Exercise:
Leave out every picture, and restate word for word only the lines from the one containing "QR code with Training Solutions contacts" through the end of the material.

Collected material:
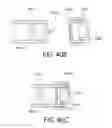 Fig. 48 - Fluid delivery device having an insertable prefilled cartridge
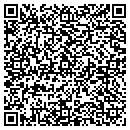 QR code with Training Solutions contacts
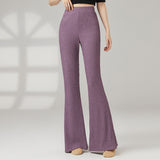 Classical Dance Practice Clothes, Body Training Pants for Females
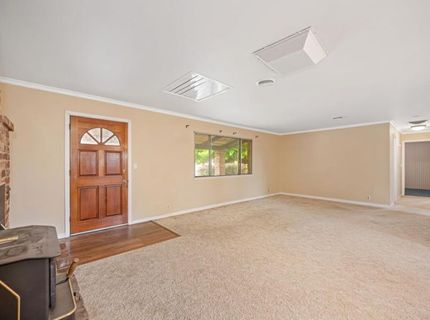 155 Judy Dr, Placerville, CA 95667 Photo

Exercise response:
 QR code with Training Solutions contacts
 Classical Dance Practice Clothes, Body Training Pants for Females
 155 Judy Dr, Placerville, CA 95667 Photo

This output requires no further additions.